AK PARTİ’DE MUAMMA BİR CİNAYET!? (2)

Evet, sevgili okurlar.

Dünkü yazımda da ifade ettiğim gibi siyaset arenasında gizlenen kimlikler, kesinlikle zarar vermekten başka bir şey değildir.

Zira siyaset demek, çok yüzlü politik oyunları sergilemek demek değildir.

Çünkü,

Siyaset ve siyasiler halkın iradesini temsilen yola çıkıp, şeffaf olmaları lazım.

Halka mutlak bir hareketle hizmet etmeleri gerekir.

O nedenle;

Kendi siyasi çıkarını ön planda tutan hiçbir siyaset veya siyasetçi kendi partisine yararlı olamadığı gibi seçmenlerine ve ülke bütünlüğüne de yarar getirmez.

Onun için gâh orada, gâh burada.

Hani diyorlar ya “Nerede akşam, orada sabah” misali.

Çıkar için nerede fırsat yakalarsa orada görünür.

Ama zarar gören de halk ve halkı temsilen yola çıkan parti, ister iktidar olsun, ister muhalefet olsun.

Dünkü yazımın son bölümünde demiştim ki;

“Yöremizde ve ilimizdeki AK Partinin bünyesinde kimliklerini gizleyen çıkarcı bir grup insan maalesef partiyi bir yerlere getirme yerine, çok geri planlara bıraktırma tehlikesiyle karşı karşıya bırakmaktadırlar”

* * *

Bakınız, bir haftadan beri belirsizlikler içerisinde sürdürülen Umut Aydın’ın cinayet olayı aradan yedi sekiz gün geçtiği halde, hiçbir ümit belirtileri yoktur.
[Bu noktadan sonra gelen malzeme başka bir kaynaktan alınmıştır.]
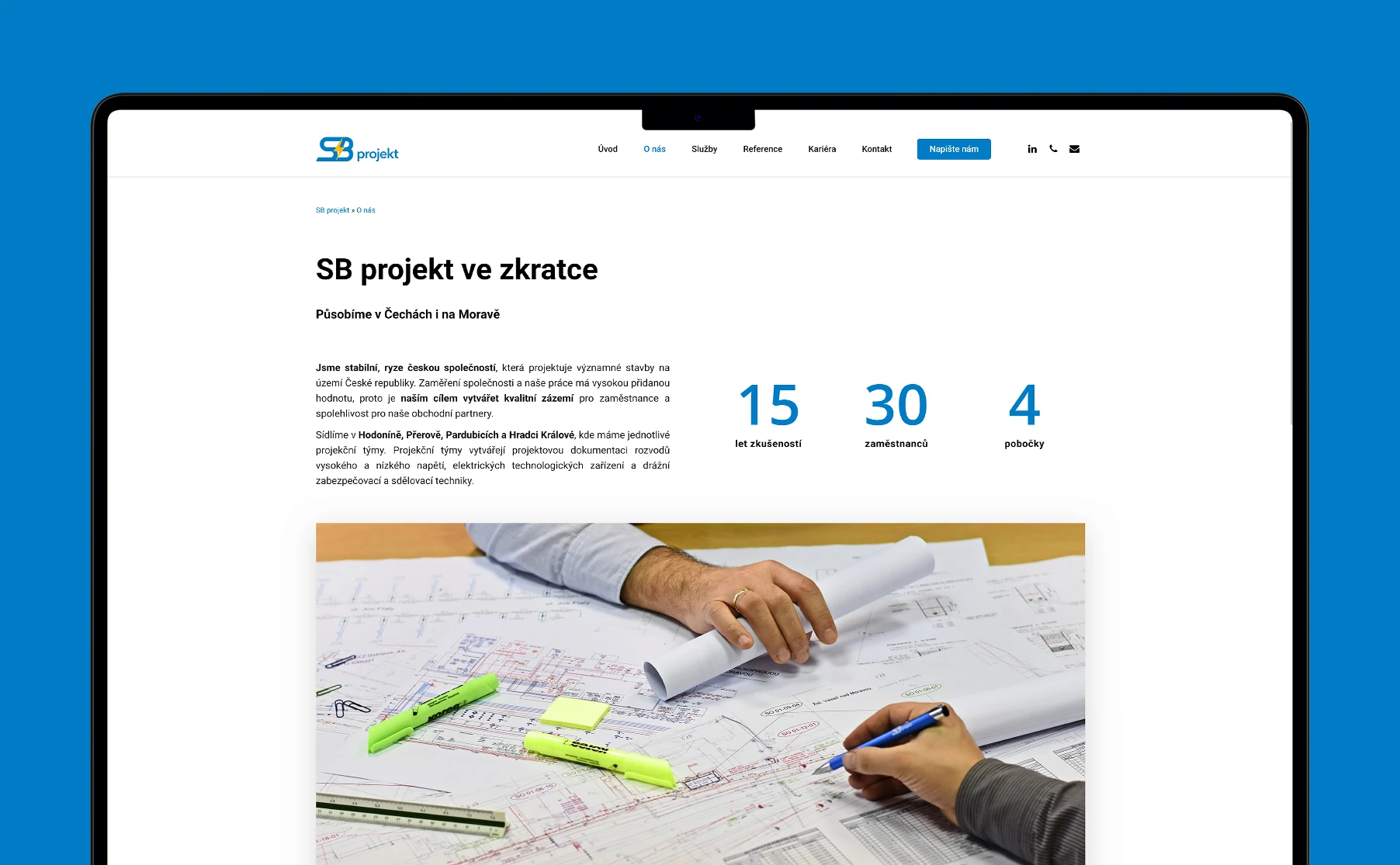 Modern website and visual identity for SB Projekt s.r.o.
Ailesi özellikle maktulün, bağrı yanık iki tane kız kardeşi figan ve ağlamaları yürekleri dağlıyor.

Ama ısrarla diyorlar ki;

“Kardeşimizi öldürenler, cinayeti işleyen katiller partinin içerisindedirler.

Kardeşimiz bazı kirli oyunları öğrenmiş ama korkusundan saklı tutmuş, fakat Başbakanın gelişiyle deşifre edebilecek düşüncesiyle ortadan kaldırarak yok etmişlerdir.”
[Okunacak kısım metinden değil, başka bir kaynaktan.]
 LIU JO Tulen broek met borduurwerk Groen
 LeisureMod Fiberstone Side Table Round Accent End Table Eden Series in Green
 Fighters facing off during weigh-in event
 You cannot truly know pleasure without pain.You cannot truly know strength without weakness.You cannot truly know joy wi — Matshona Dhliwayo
Bu ifade Türkiye kamuoyu için, dünya kamuoyu için ve insanlık hukuku için çağımızdaki hukuk literatüründe çok anlamlı ve kapsamlıdır.

Birilerinin kimliklerini açığa vurmamak için büyük tehdit gören Umut Aydın ve ailesi neticede ağır fatura ödemiştir.

Gerçekten ilimiz olan Diyarbakır’ımızda iktidarda bulunan AK Partinin vermiş olduğu hizmet önemlidir, gözden kaçmaz.

Ama muhterem Başbakan gerek Diyarbakır için olsun, gerekse de tüm Doğu ve Güneydoğu yöresi için olsun büyük bir umittir. Çünkü bölgenin gelişmesi için büyük çaba harcamaktadır.

Ve alınan oy potansiyeli de gerçekten Başbakanın oylarıdır.

Ama ne çare ki,

Güneydoğu’daki parti teşkilatlarının pasif davranışları..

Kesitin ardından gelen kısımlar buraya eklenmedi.